Records supplied:
◇ ◇ ◇

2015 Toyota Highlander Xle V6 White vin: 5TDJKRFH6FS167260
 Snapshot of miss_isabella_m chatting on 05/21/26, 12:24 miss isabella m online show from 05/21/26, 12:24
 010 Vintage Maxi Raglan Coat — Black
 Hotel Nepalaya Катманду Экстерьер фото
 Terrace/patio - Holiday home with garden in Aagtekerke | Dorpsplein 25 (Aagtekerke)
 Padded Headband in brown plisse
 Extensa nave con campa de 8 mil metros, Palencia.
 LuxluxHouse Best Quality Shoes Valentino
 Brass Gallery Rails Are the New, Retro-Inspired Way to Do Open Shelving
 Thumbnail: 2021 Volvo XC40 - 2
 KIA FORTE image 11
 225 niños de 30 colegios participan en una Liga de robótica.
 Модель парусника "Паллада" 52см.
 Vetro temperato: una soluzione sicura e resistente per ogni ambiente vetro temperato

◇ ◇ ◇

Task requirements: Print only the lines running from the one with "KIA FORTE image 11" to the final line of the data above, each exactly as it appears.

Output of the exercise:
 KIA FORTE image 11
 225 niños de 30 colegios participan en una Liga de robótica.
 Модель парусника "Паллада" 52см.
 Vetro temperato: una soluzione sicura e resistente per ogni ambiente vetro temperato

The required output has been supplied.